It’s almost time to share with you how the new 2023 Nissan Z drives, so we thought it would be wise to take a step back in Z’s recent history with this week’s used vehicle spotlight. The Nissan 350Z was built from the 2003-2008 model year, and paved the way for the Z to become a modern sports coupe.
A few years after the 300ZX lay down, the 350Z takes on a bodystyle that we can still see in today’s brand-new Z. Its shape resembles that of the original 240Z, and the layout is just as enthusiastic-friendly. The rear-drive, front-engine two-door coupe has a short deck shape with a long hood, a long wheelbase and a small cabin. It’s a two-seater, and although it has a hatchback, the cargo area isn’t particularly spacious.

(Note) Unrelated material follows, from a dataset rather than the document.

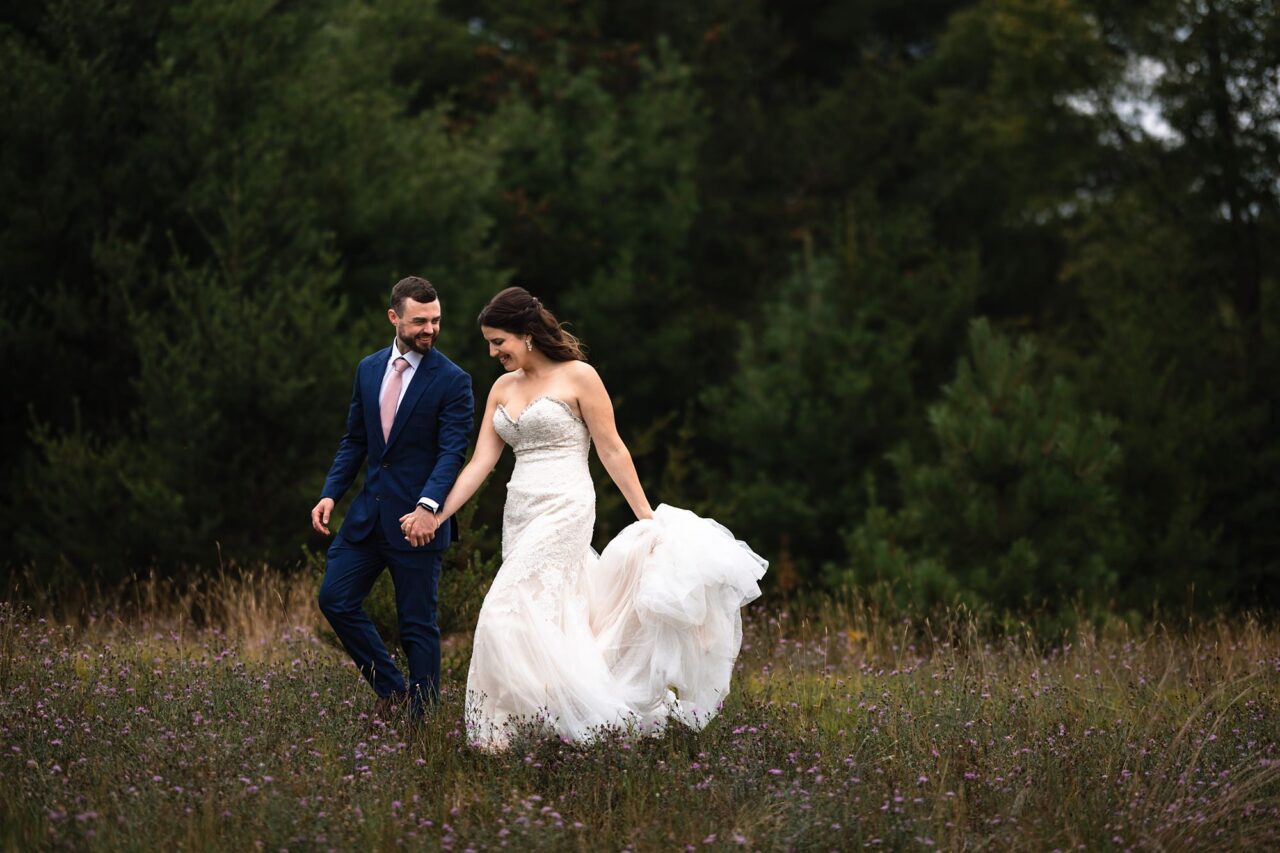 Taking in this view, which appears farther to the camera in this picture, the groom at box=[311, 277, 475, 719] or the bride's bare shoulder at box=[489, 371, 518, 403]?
the bride's bare shoulder at box=[489, 371, 518, 403]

When it was new, Nissan tried to make the 350Z an affordable and fun sports car experience. It features a 3.5-liter V6 that produces a stiff 287 horsepower and 274 pound-feet of torque. From some perspectives, the 2003 Ford Mustang GT produced 260 horsepower with its 4.6-liter V8 – yes, Z was packing some serious power for 2003.

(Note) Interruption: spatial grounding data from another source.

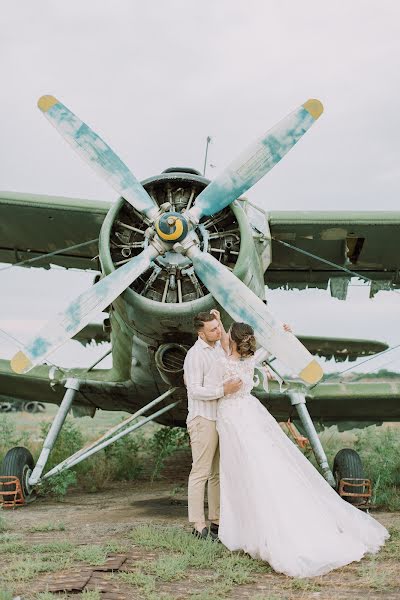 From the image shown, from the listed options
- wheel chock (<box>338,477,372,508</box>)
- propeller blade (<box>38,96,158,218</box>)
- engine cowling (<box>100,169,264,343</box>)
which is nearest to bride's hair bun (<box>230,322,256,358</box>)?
engine cowling (<box>100,169,264,343</box>)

Today, the 350Z is a deserving sports coupe for those looking for energy and performance on a budget. You can get it with a six-speed manual or a five-speed automatic transmission. The in-cabin experience is basic, but it’s likely to be the best, since car technology hasn’t been particularly good since the mid-2000s. The 53/47 weight distribution gives Z a nice balance. Also, its VQ (Nissan Engine Code) engine is a well-known and widely used motor, so there are plenty of sources that you can go if you run into problems.
A 350Z Roadstar Model Z was made available from the second model of the year (2004), so you can get one without a roof if you want. When the Z came out it got a lot of favorable reviews. It provides plenty of performance with a stylish look and it was affordable to boot.
Fans of the Nissan Super will also enjoy the availability of a Nismo model that was launched after the 350Z’s run. There is a wealth of aftermarket support for frequent track days, but Nismo will be your best starting point for having fun on track days.
Which Nissan 350Z should I choose?
The most coveted 350Zs are the post-refresh models, which add strength and much more improvement. The 2006 model year is the first for the refreshed 350Z, which means the 2006-2008 models are going to cost more than your 2003-2005 350Zs. If you pony up for the updated Z, you’ll enjoy a modified 3.5-liter V6 that produces 300 horsepower and 260 pound-feet of torque (yes, reduced torque). However, the automatic 350Z still had the previous engine, rated at 287 horsepower and 274 pound-feet of torque.
Other updates include a modified front end, new taillights, a modified interior, new power steering system (Speed Sensitive), new drive-by-wire throttle, larger brakes, three new colors, and available ray wheel wheels.
Several different trim levels of the 350Z were available, including Base, Enthusiast, Turing, Track and Grand Turing. Grand tours and tracks are the most desirable to us, because they have every possible performance you want. These include the Brambo brakes, Nissan’s Sport-tuned Stability Control, Ray fake wheels and front / rear spoilers. The track comes exclusively with the manual transmission, but you can get the auto with the Grand Turing.
The Nismo (straight above) is the hardcore of the bunch, and it started in the 2007 model year. Nissan has enhanced it with extra body welds, added support, unique body dampers, nismo-tuned suspension, ray fake wheels and a special nismo exhaust. We will further note that Nissan has significantly modified its 3.5-liter V6 for the 2007 model year, so it is producing 306 horsepower and 268 pound-feet of torque in these Z cars.
Our list of used cars can be helpful to find a good deal near you. Shrink offers by a radius around your zip code and pay attention to the deal ratings on each listing to see how one car compares to others in the same area.
What else to consider?
Read more: A complete list of our used car spotlight articles
If it’s a rear-drive coupe so you stay after the sporty purpose, the 350Z’s exterior options abound. Both the Mustang and the Camaro are affordable options. Those interested in the 350Z Roadstar may find happiness in a Miata instead, but again, the American muscle cars of the time could also be without a roof. The Mazda RX-8 was a contemporary alternative, but you should do your research before choosing a rotary driven machine.
Luxury cars are also priced lower than the 350Z these days, so if you can afford the potential repairs, you can jump into the world of BMW coupe – or even an Audi TT. By the end of the day, the Dodge Challenger 350Z was coming to an end, so if you’re more into speed than handling it, this is another option to watch.